INFORMATION GIVEN Block Start

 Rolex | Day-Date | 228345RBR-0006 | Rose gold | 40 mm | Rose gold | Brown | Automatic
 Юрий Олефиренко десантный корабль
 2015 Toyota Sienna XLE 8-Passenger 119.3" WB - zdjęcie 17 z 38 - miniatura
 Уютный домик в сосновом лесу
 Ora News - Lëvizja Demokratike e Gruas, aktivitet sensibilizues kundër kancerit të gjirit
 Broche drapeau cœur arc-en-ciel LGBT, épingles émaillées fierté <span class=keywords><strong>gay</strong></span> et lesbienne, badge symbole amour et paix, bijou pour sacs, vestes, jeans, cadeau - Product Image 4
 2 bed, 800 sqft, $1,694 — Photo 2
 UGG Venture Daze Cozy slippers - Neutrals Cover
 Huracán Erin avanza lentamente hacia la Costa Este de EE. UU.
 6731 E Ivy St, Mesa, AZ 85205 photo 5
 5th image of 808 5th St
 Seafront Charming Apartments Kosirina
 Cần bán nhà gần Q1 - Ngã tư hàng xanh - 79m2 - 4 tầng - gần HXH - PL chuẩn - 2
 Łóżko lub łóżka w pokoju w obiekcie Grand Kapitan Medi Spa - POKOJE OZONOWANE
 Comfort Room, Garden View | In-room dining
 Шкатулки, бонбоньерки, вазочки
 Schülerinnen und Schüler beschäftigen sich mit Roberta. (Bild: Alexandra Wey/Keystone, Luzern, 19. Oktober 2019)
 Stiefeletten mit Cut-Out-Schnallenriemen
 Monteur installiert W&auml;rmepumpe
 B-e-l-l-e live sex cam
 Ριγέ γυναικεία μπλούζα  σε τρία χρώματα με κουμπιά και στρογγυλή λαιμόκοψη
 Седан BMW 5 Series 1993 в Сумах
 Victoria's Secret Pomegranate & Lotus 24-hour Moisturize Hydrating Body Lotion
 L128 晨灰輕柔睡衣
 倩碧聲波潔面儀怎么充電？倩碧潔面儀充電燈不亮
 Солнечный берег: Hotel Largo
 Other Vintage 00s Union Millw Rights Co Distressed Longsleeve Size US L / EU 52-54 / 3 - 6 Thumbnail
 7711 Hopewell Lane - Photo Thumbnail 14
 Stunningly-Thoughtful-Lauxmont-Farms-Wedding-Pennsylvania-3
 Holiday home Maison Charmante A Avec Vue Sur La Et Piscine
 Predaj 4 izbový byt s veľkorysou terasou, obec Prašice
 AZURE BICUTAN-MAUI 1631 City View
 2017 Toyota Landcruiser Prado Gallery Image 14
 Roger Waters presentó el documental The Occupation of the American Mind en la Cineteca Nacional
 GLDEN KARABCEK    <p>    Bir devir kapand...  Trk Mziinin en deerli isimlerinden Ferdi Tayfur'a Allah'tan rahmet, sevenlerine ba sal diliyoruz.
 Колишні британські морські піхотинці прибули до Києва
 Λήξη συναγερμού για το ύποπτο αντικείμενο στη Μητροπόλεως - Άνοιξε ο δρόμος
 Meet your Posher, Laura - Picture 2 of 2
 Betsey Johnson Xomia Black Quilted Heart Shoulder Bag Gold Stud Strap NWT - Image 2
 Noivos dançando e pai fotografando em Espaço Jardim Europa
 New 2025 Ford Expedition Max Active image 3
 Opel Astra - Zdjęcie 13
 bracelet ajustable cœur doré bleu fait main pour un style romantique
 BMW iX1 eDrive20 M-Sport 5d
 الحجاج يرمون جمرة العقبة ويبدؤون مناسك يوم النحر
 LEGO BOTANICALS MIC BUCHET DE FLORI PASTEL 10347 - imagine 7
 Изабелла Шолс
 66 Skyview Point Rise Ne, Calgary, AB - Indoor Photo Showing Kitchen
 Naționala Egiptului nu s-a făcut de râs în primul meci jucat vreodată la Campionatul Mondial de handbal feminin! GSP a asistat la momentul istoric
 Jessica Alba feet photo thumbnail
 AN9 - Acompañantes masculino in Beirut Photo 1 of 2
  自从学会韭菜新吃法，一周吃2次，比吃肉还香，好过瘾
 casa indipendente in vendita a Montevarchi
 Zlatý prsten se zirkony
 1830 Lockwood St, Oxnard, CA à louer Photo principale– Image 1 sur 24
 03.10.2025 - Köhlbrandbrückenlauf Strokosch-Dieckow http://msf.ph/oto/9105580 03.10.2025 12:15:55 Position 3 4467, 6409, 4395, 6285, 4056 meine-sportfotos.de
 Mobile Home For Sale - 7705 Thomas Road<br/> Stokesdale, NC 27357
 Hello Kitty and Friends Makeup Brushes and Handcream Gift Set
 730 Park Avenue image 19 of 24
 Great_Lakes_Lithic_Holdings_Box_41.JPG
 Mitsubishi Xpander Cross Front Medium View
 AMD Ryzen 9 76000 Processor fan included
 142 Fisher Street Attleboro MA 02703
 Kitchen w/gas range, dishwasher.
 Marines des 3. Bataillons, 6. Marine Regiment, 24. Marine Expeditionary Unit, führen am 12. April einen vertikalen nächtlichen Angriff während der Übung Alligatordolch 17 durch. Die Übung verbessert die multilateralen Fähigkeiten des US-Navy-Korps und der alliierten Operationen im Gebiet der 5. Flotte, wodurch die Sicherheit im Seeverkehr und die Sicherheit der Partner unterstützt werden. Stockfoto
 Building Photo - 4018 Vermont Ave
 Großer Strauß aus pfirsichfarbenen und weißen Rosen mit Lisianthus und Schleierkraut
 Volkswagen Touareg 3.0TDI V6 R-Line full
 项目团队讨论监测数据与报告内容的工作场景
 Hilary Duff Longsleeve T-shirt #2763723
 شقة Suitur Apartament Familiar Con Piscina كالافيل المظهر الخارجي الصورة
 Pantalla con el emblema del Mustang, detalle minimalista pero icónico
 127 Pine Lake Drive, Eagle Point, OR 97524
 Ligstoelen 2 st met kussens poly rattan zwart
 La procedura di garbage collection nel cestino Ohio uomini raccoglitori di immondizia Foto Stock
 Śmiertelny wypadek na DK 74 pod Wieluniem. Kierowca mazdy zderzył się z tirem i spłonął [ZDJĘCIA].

INFORMATION GIVEN Block End

Return word for word the lines above from the line with "Kitchen w/gas range, dishwasher." to the line with "Marines des 3.", including both and leaving out all others.

 Kitchen w/gas range, dishwasher.
 Marines des 3. Bataillons, 6. Marine Regiment, 24. Marine Expeditionary Unit, führen am 12. April einen vertikalen nächtlichen Angriff während der Übung Alligatordolch 17 durch. Die Übung verbessert die multilateralen Fähigkeiten des US-Navy-Korps und der alliierten Operationen im Gebiet der 5. Flotte, wodurch die Sicherheit im Seeverkehr und die Sicherheit der Partner unterstützt werden. Stockfoto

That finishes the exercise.